The insurance company, however, insists that affirmative relief in an interpleader action may not in any event be awarded to the defendants. Whatever may be the general rule in such cases it has no application to the peculiar facts of this case. In making such statement, however, we are not to be understood as conceding the correctness of this position of the plaintiff. And this is so because of its own allegation in its- interpleader bill and its prayer for relief.
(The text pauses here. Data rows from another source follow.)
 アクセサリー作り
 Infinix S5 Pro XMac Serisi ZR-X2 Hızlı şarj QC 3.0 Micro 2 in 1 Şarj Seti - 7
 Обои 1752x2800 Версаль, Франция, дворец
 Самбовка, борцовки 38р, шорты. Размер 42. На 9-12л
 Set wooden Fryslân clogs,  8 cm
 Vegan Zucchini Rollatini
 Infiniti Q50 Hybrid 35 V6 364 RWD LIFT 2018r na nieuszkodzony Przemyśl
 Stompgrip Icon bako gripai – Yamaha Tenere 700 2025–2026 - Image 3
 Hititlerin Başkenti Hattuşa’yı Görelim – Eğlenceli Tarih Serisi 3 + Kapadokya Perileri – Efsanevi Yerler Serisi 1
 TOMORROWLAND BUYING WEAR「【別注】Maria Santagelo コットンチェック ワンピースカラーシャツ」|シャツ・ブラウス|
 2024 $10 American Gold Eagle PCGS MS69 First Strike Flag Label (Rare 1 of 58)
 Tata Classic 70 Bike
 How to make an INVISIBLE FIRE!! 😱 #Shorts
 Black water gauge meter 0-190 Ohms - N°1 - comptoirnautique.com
In the closing paragraph of its complaint the plaintiff alleges: ' ' That it has no adequate remedy at law and that unless this court takes jurisdiction of this cause and requires the defendants to inter-plead herein, claiming said money or disclaiming' any interest therein, the plaintiff will be subjected to a multiplicity of suits and also of having judgments rendered against it in favor of more than one of the said defendants." And in its prayer for relief plaintiff specifically prays: "That each of the above named defendants be required to interplead in this cause and make whatever claims they may have against the plaintiff on account of the facts herein stated, and that all of the claims of the defendants and matters in dispute between them and the plaintiff be settled by the judgment of this court and that the defendants be enjoined and restrained from instituting or prosecuting any action against the plaintiff on account of the facts herein stated." In the light of this declaration by the plaintiff in its own bill of interpleader, and in its demand that the defendants, shall set up and have determined whatever claims they, or each of them, may have against it, plaintiff certainly may not now be heard to assert that the trial court committed error in deciding' the very issues which it asked to have determined. We said in Whitlock v. Alliance Coal Co., 73 Colo. 205 ( 214 Pac. 546), at page 211: "It is a familiar rule that a court of equity, once having obtained jurisdiction of a cause for one purpose, may dispose of all controverted questions presented by the issues." And in Cobbey v. Peterson, 89 Colo. 350 [3 P. (2d) 298], at page 354, we again approved of the general rule that: "When a court of equity has acquired jurisdiction it may do whatever is necessary to effect justice even if in so doing it awards relief ordinarily cognizable only in courts of law. ' ' And the opinion cites a large list of cases so holding.
The judgment of the trial court was fully justified by the pleadings and the evidence produced. Judgment is affirmed.
Mr. Chief Justice Adams and Mr. Justice Hilliard concur.